_What the exercise asks_. Your copy should run exactly from the line containing "ZYWUOY Ventilatore per" to the last line of the entries below, and it should include no pictures.

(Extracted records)
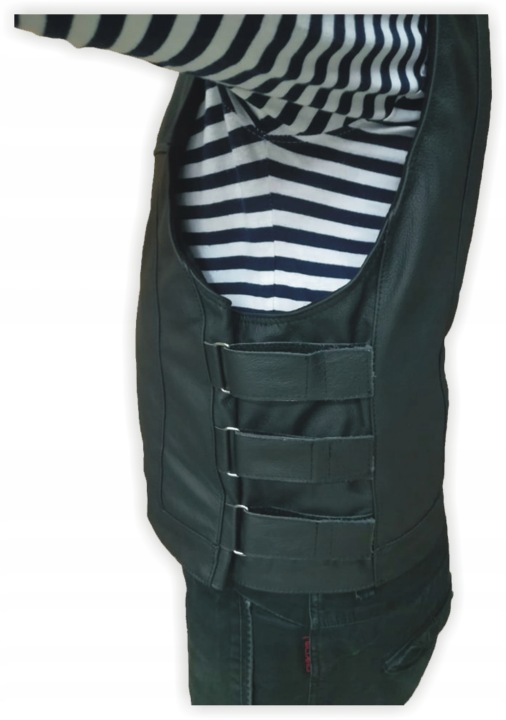 GILET CUIR VP-7 TAILLE 48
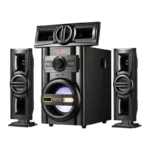 Djack wireless 3.1 home theatre system in black, sold in Uganda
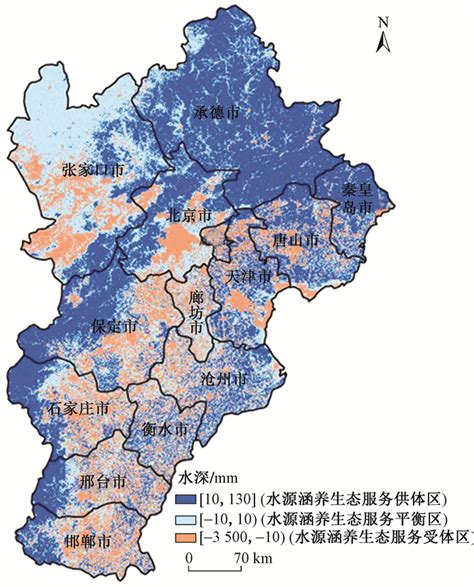 北京水系地图图片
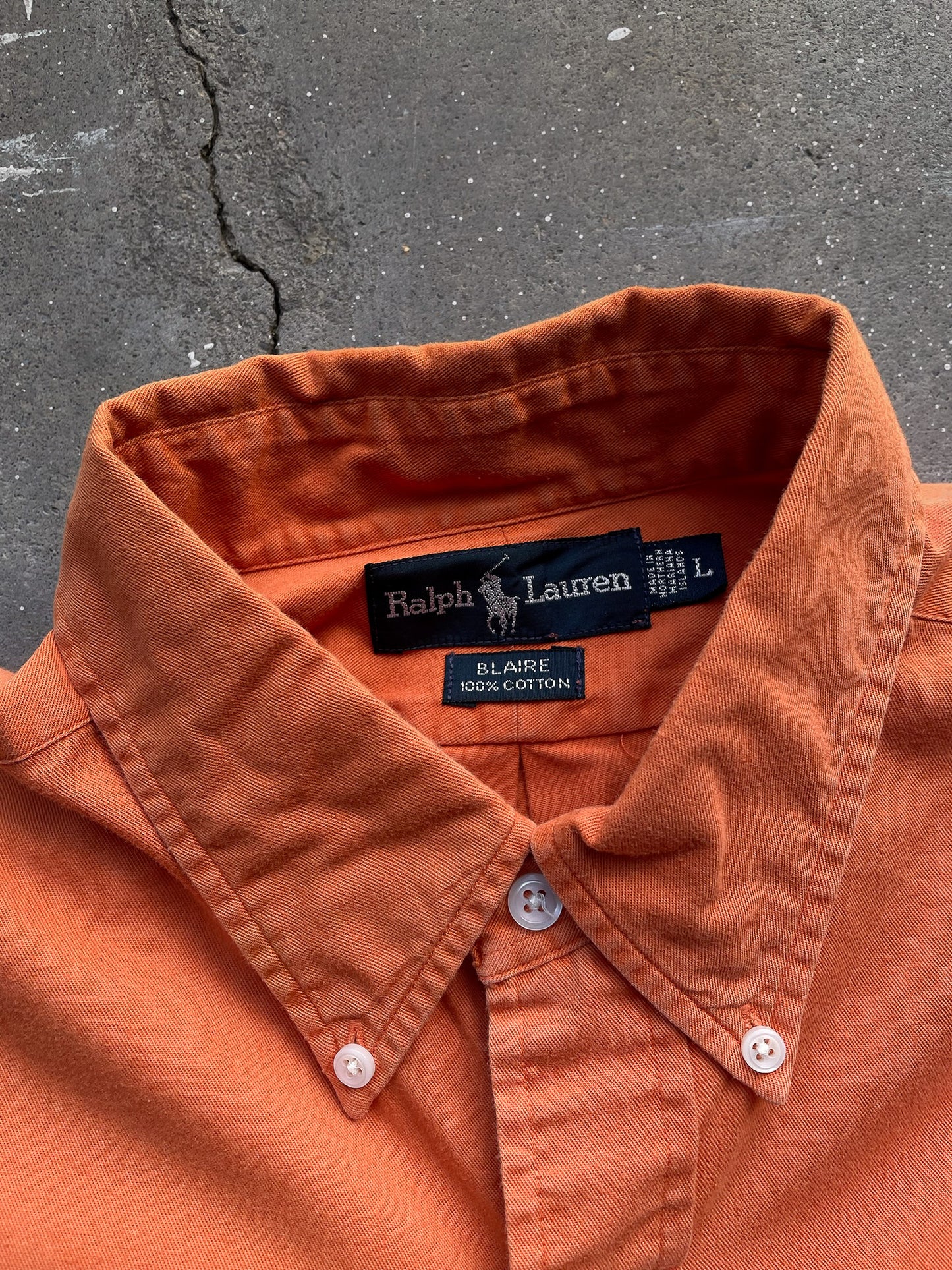 Ralph Lauren Button-Down Shirt—[L]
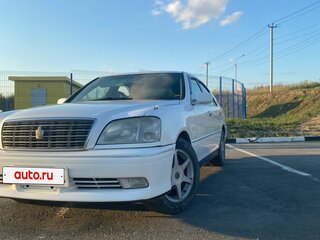 2003 Toyota Crown XI (S170), белый, 800000 рублей, вид 2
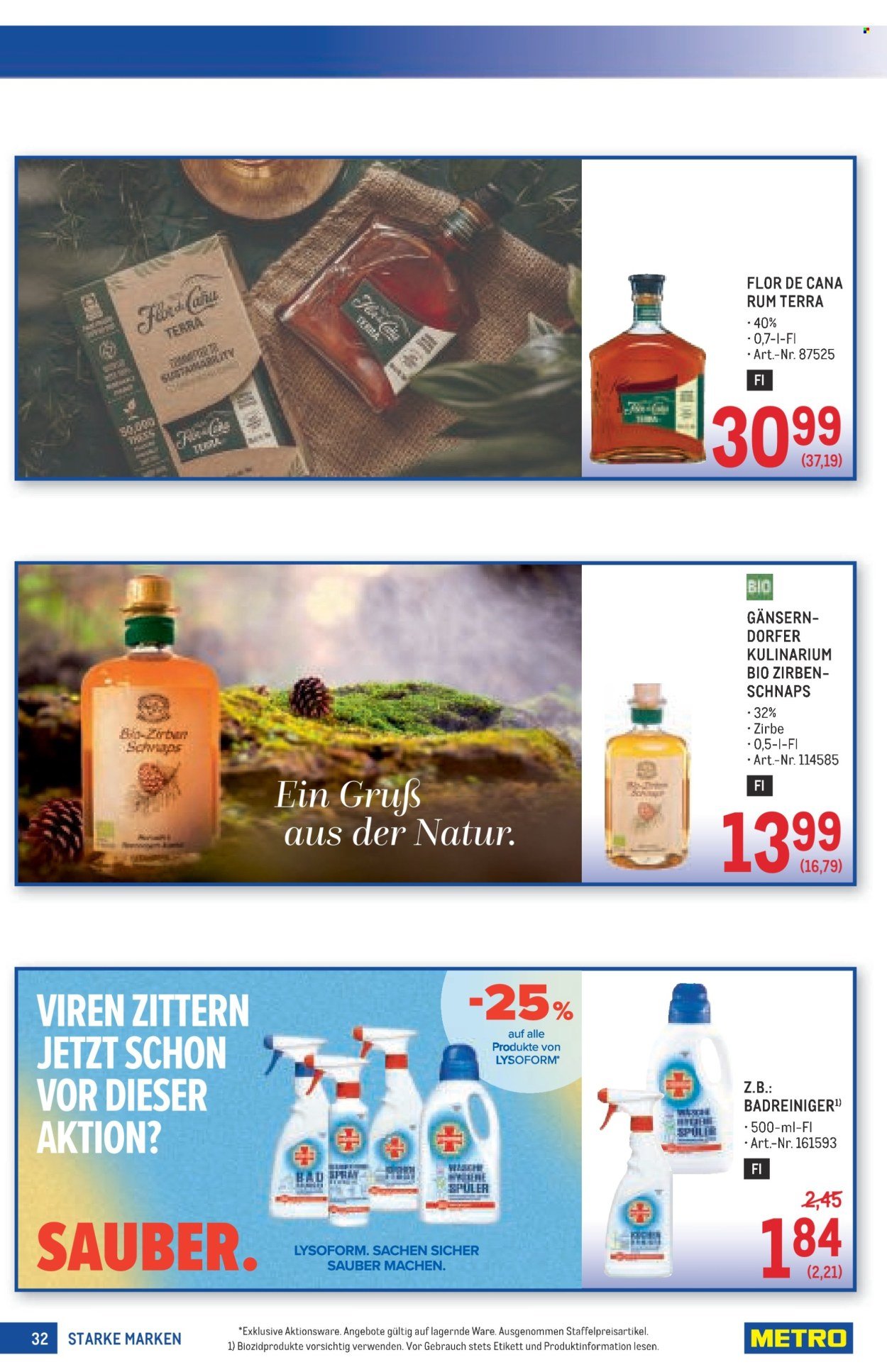 METRO Flugblatt - Starke Marken (2025-09-18 - 2025-10-01)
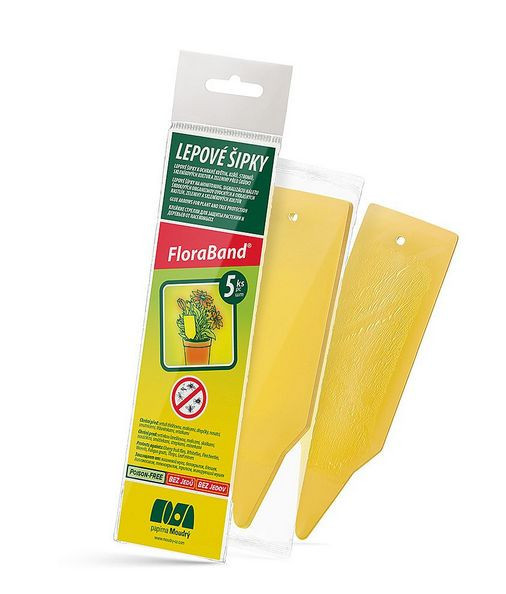 Šipky lepové floraband 5 ks/bal.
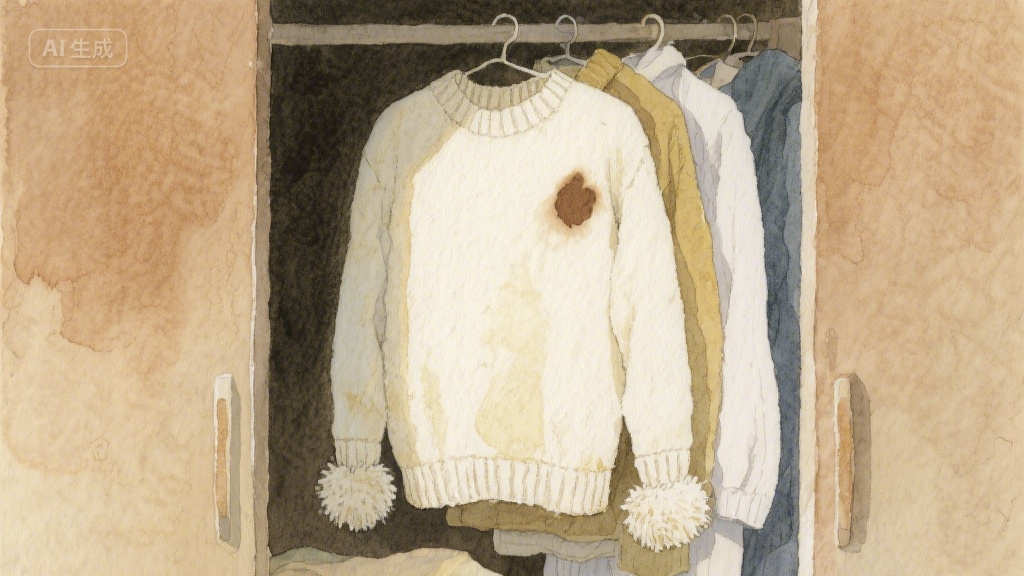 衣柜深处的旧毛衣，藏着妈妈未说出口的温柔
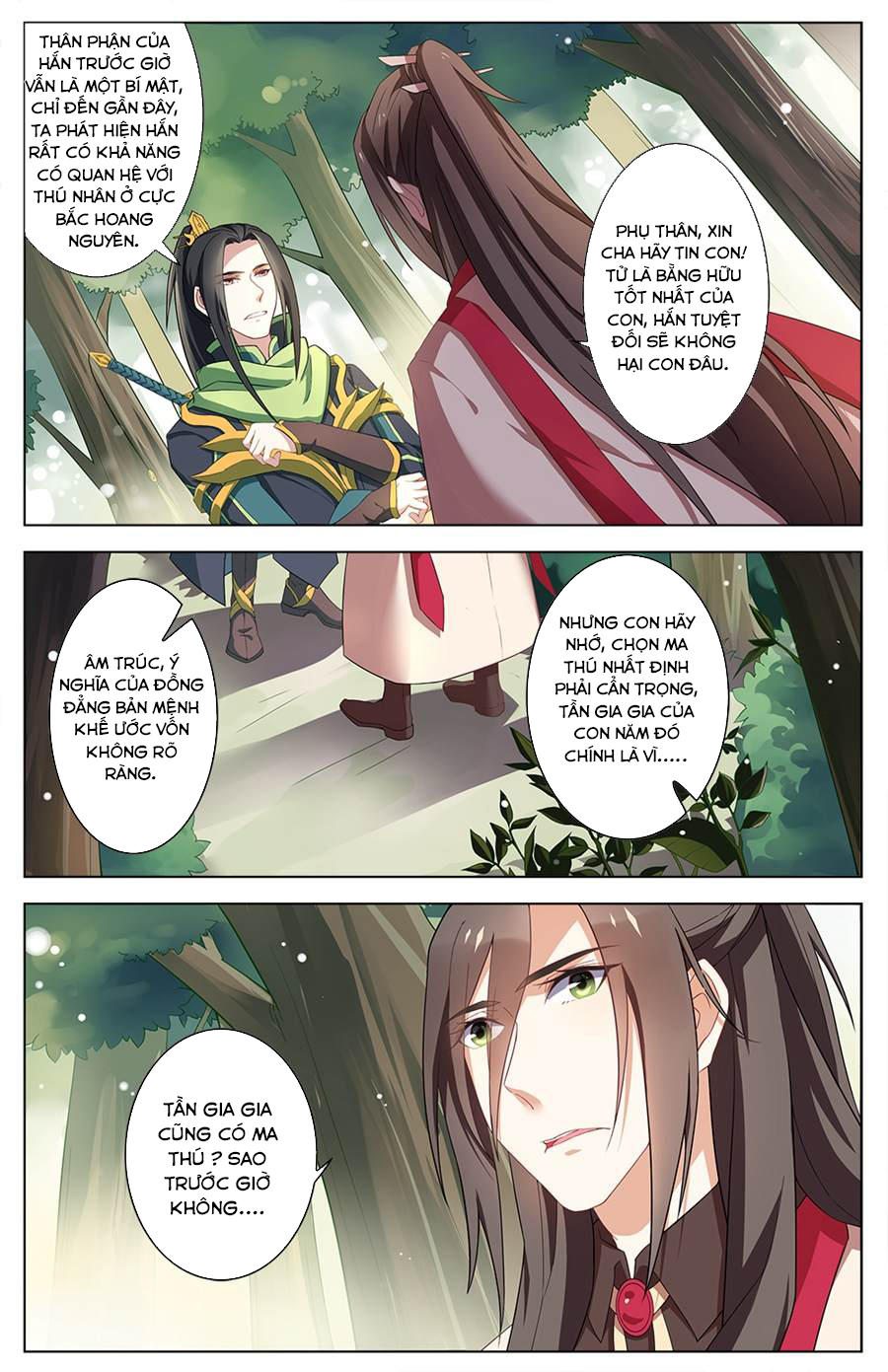 Cầm Đế Chapter 28 - 7
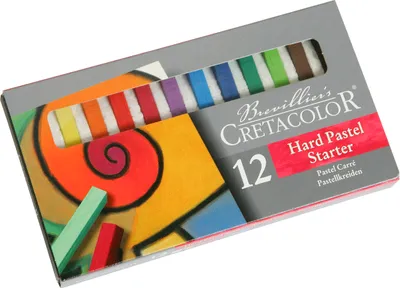 Image de CRETACOLOR : Coffret de crayons pastel – idéal pour débuter la peinture et le dessin – Fabriqué en Autriche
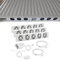 ZYWUOY Ventilatore per termosifone, 5.0, intelligente ventola di riscaldamento con 5 ventole, kit di espansione per ventola (set trio)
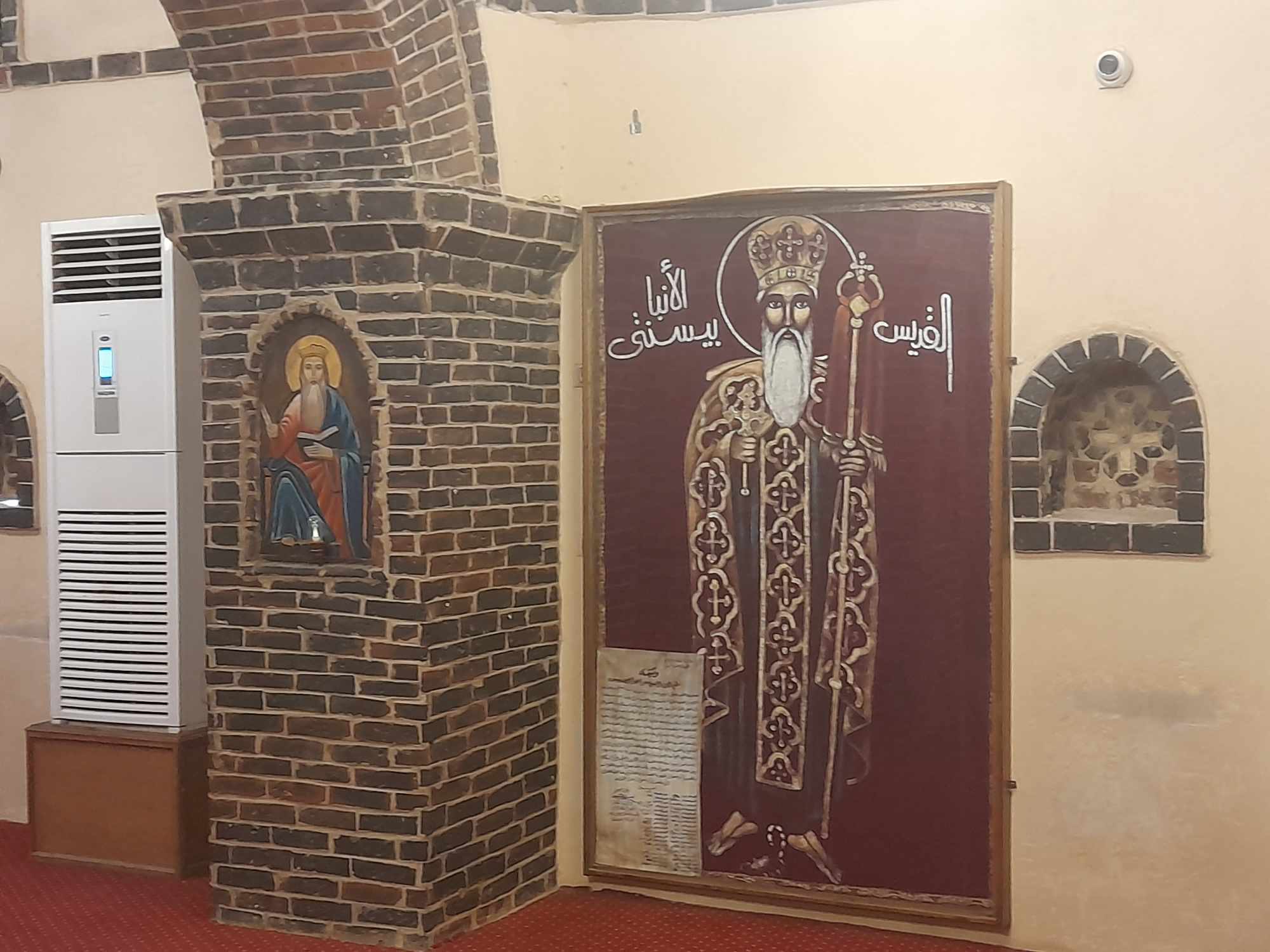 دير القديس بستناؤس دير القديس بستناؤس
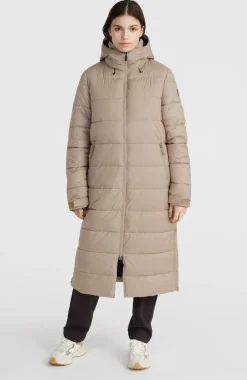 Outlet O’Neill O'Riginals Lange Pufferjas | Concrete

_Answer space_.
 ZYWUOY Ventilatore per termosifone, 5.0, intelligente ventola di riscaldamento con 5 ventole, kit di espansione per ventola (set trio)
 دير القديس بستناؤس دير القديس بستناؤس
 Outlet O’Neill O'Riginals Lange Pufferjas | Concrete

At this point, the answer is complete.